**About this exercise:** With pictures left out, output exactly the lines from the line holding "Navet-feuille cima de rapa Navet-feuille" through the end of the data, both included.

Supplied data START

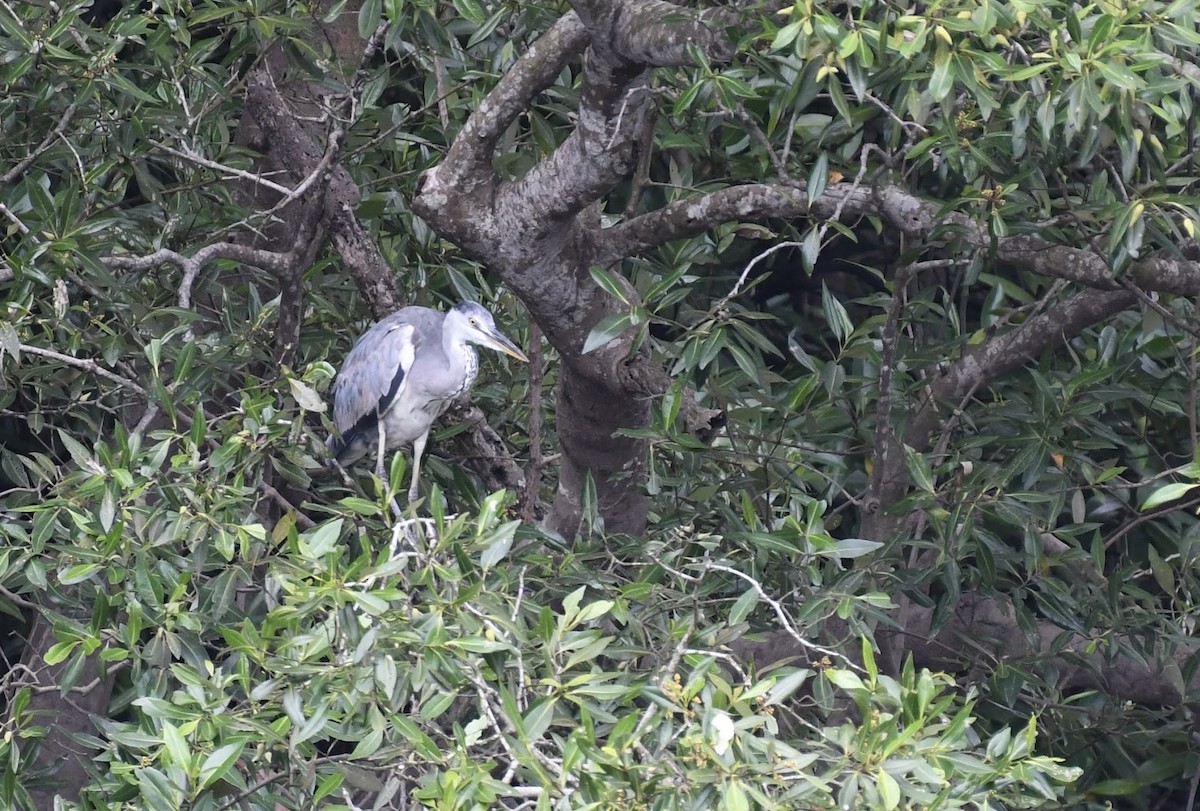 Gray Heron - ML632320213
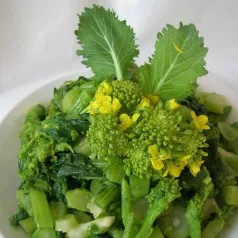 Navet-feuille cima de rapa Navet-feuille cima de rapa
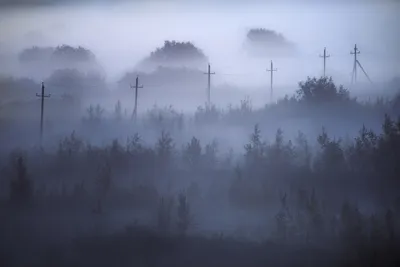 Густой туман окутал Владивосток 16 декабря - PrimaMedia.ru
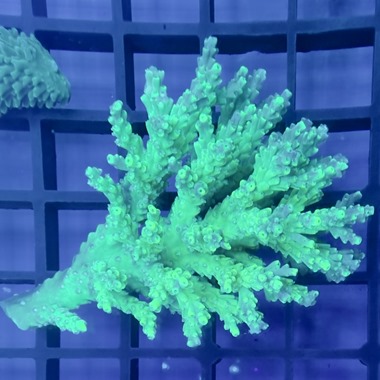 Oz Acropora Colony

Supplied data END

**Answer to this problem:**
 Navet-feuille cima de rapa Navet-feuille cima de rapa
 Густой туман окутал Владивосток 16 декабря - PrimaMedia.ru
 Oz Acropora Colony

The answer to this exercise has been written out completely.